In an earlier blog that drew a lot of response, teachers decried the academic pressures now occurring in kindergarten, saying we are asking young children to learn skills they are developmentally unsuited to do.
In nearly 200 comments on AJC Get Schooled Facebook page, teachers and parents recoiled at the intensifying focus on reading and math and structured lessons at the expense of free play and creative activities.
Earlier this week, an elementary teacher reached out to me to share her contrary view, one that she feared would be shouted down on AJC Get Schooled Facebook.
The reason, she said, for an increasing academic focus in kindergarten is that students are arriving at first grade far behind, and that gap is difficult to surmount.
Studies have shown young children who are behind in learning – as defined by tests such as the ITBS Reading Comprehension – seldom blossom into late blooming top readers. If they are poor readers early on, they tend, on average, to remain so.
As the teacher explained:
We're in a race to give these children the skills to succeed. When they come to us already so far behind in first grade, it's impossible for some to ever catch up. We try. We really try. But we need more help from the parents, the pre-Ks and the kindergartens.
(Some teachers commented that children who learn to read before kindergarten are not really able to handle such a complex skill. But an Early Childhood Literacy study found that students who are read to and who learn basic reading skills before kindergarten have a more positive association with books and make substantial academic gains once they develop full literacy.)
The teacher’s overall point: Young children are capable of more than historically has been asked of them in U.S. kindergartens, which she believes have been resistant to imposing more ambitious academic standards.
She spent five weeks in China on an education exchange, and, while she abhorred classrooms of 50 students, she was dazzled by the mathematical fluency of even young children. “We were not in a rich region of China. These were children whose parents were laborers, not bankers.”

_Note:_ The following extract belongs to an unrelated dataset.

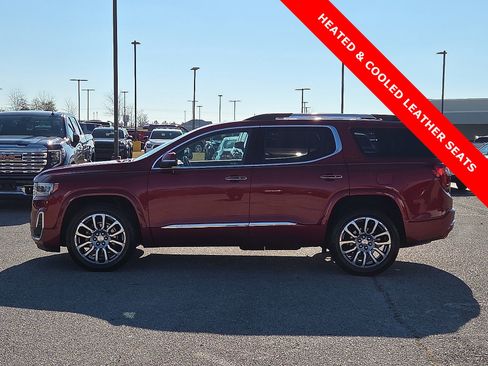 Used 2022 GMC Acadia Denali image 3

But is the answer more drilling, testing and worksheets in kindergarten?
Georgia education professor Bryan P. Sorohan made this point in an email to me:
The statistics reported on socioeconomic differences in school readiness are indisputable, and factor into much of the discussion on school issues. Likewise, I have no reason to doubt the lifetime effects reported for disparities in school readiness: students who are not ready to read when they start school will undoubtedly experience lifelong disparities in educational and other outcomes.
The causes for these effects are not simple. Students from poorer families may not be ready to read by age five for a variety of reasons: obstacles to parental involvement related to economic needs, nutritional deficiencies, lack of exposure to information-rich and educative resources in the home and elsewhere (also due to family economic needs) and many others.

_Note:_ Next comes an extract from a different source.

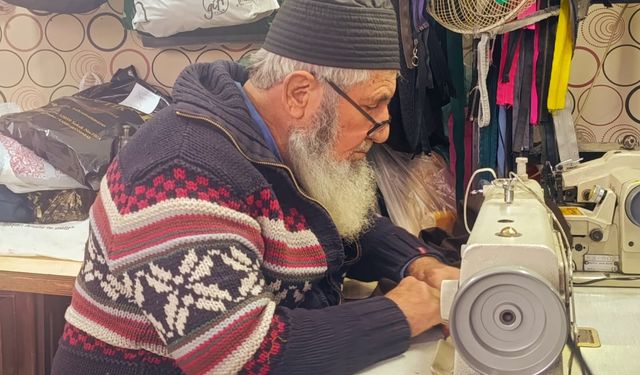 Kahramanmaraş'ta Zeki Müren’in Kostümünü Diken 83 Yaşındaki Terzi Hâlâ İş Başında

Research shows that reading to children is one simple factor that greatly increases reading readiness, for example, but parents who are working multiple jobs just to keep the lights on and food on the table are not going to have the same time to read to their children as wealthier parents. Providing access to high-quality preschool is one way to help remedy this problem, but poor parents also do not have the ability to pay for that kind of educational preparation.
The problem, said Sorohan, is that children lagging in needed skills aren’t being helped by our current solution of turning kindergarten into first grade.
The real problems arise in the way school bureaucracies respond to these realities. Several other facts have to be taken into consideration: first, a student who is not developmentally ready to start reading is not going to be magically catapulted into readiness through a curriculum that is not appropriate for their current developmental level. Nature and human development cannot be altered by just expecting children to learn something we want them to learn before they are ready.
The example of Finnish Schools is instructive: they emphasize play and pre-literate reading-related activities , and their literacy rate is one we can only envy. (As an aside, I have actually heard people attribute the educational achievements of the Finns to their relatively homogeneous society, whereas it is the U.S. system that attempts to force a very diverse society into a one-size-fits-all educational system). US bureaucracies, however, respond by essentially denying the socioeconomic factors in school readiness and the realities of human cognitive development.
Part of the reason may be that, for some reason, the US continues to put non-educators in leadership positions in our educational establishment. Expecting a business or military professional, regardless of their success in their chosen fields, to understand educational realities has pretty much proven to be a fool's errand. Part of the problem also lies in the high-stakes, punitive style of educational accountability we practice here: too many educational leaders understand that their jobs depend on this year's test scores, not long-term results, and react by retreating into familiar but ultimately detrimental solutions based on approaches they think are "rigorous."
The irony is that the very meaning of the term "kindergarten" is "child's garden," reflecting the origins of the concept as a place where children played, explored, and developed according to natural, human processes. The overwrought and reactionary type of educational "reform" that US schools have been stampeded into for the past three decades has led educational bureaucracies to essentially deny the realities of how children learn and develop. Thankfully, teachers such as those at Boston's Brookline schools have finally decided to put their feet down against the kind of abusive bureaucratic nonsense we've been fed about our schools.